### Problem to solve:
Range to output from the entries below: the line containing "Le Canada a" through the line containing "Premium Room (RedDoorz) - Photo 5". Set it down exactly, ends included, nothing else.

Segment Start: Working data

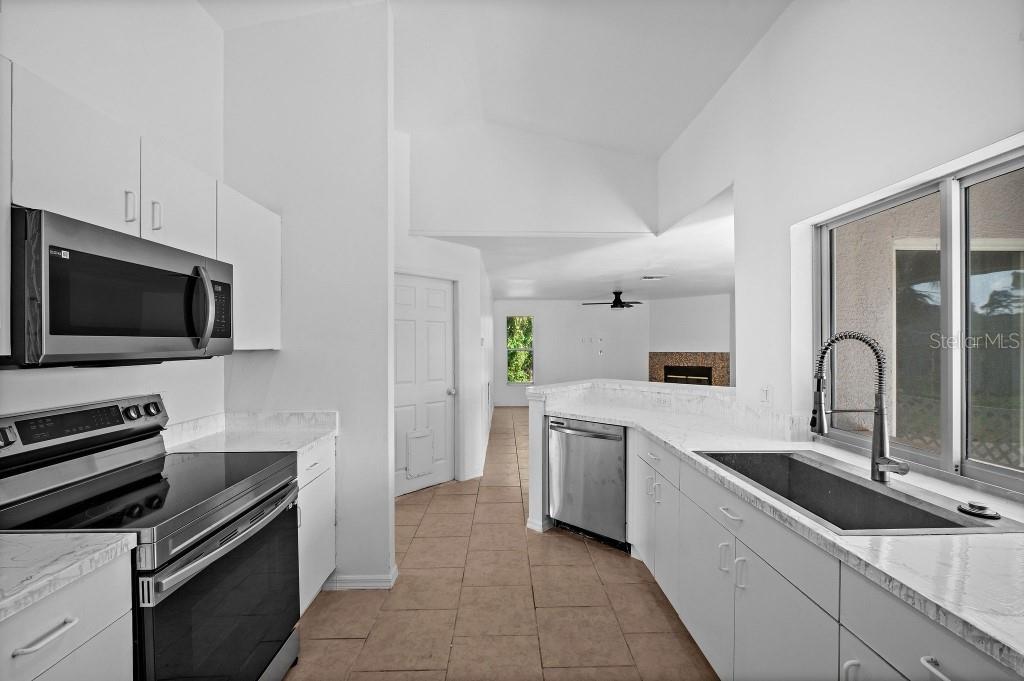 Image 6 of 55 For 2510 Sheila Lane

Segment End: Working data
Segment Start: Working data

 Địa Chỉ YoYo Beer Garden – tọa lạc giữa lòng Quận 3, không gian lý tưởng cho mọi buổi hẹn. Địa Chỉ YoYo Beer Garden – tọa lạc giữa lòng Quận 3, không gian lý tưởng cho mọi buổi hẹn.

Segment End: Working data
Segment Start: Working data

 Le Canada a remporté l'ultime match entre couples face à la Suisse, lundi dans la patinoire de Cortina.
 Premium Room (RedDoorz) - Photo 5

Segment End: Working data

### Exercise result:
 Le Canada a remporté l'ultime match entre couples face à la Suisse, lundi dans la patinoire de Cortina.
 Premium Room (RedDoorz) - Photo 5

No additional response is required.